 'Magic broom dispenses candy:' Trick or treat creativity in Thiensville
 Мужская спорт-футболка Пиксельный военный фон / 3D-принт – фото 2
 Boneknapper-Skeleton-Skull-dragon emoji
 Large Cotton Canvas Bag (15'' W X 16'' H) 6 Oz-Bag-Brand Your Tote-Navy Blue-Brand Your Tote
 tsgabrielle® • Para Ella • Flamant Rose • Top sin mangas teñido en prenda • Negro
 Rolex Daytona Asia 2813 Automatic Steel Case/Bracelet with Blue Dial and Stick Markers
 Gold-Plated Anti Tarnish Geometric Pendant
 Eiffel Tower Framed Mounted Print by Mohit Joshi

══════

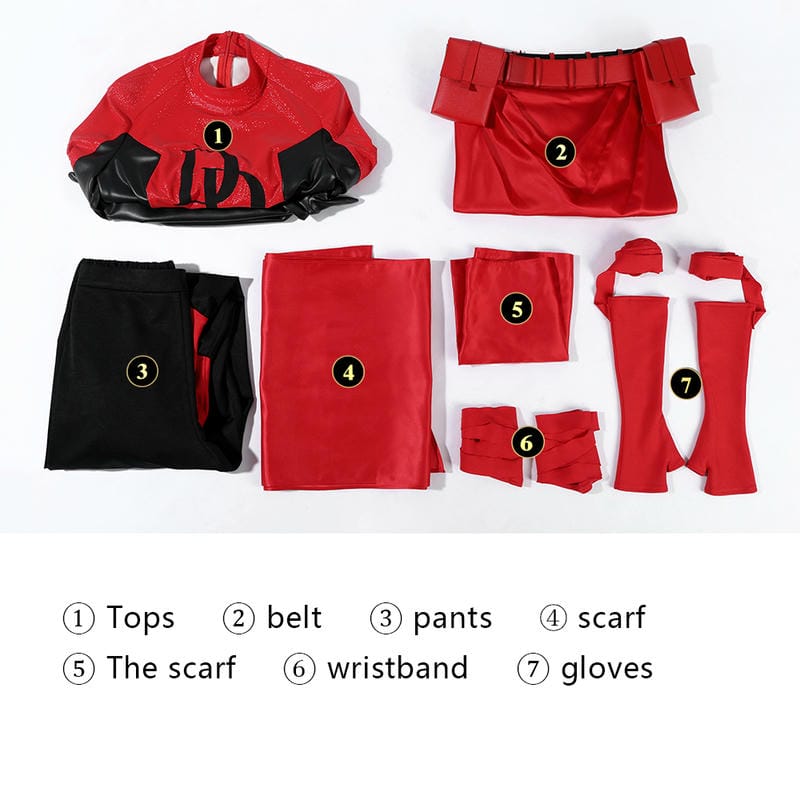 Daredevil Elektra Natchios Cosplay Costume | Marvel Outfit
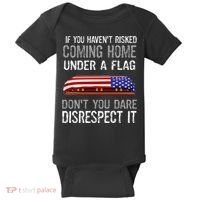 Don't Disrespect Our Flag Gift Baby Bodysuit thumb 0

══════

■ AIM OF THE EXERCISE ■
For the listing above, state the number of lines that contain the word "Blue" and nothing more.

■ RESPONSE TO THIS EXERCISE ■
2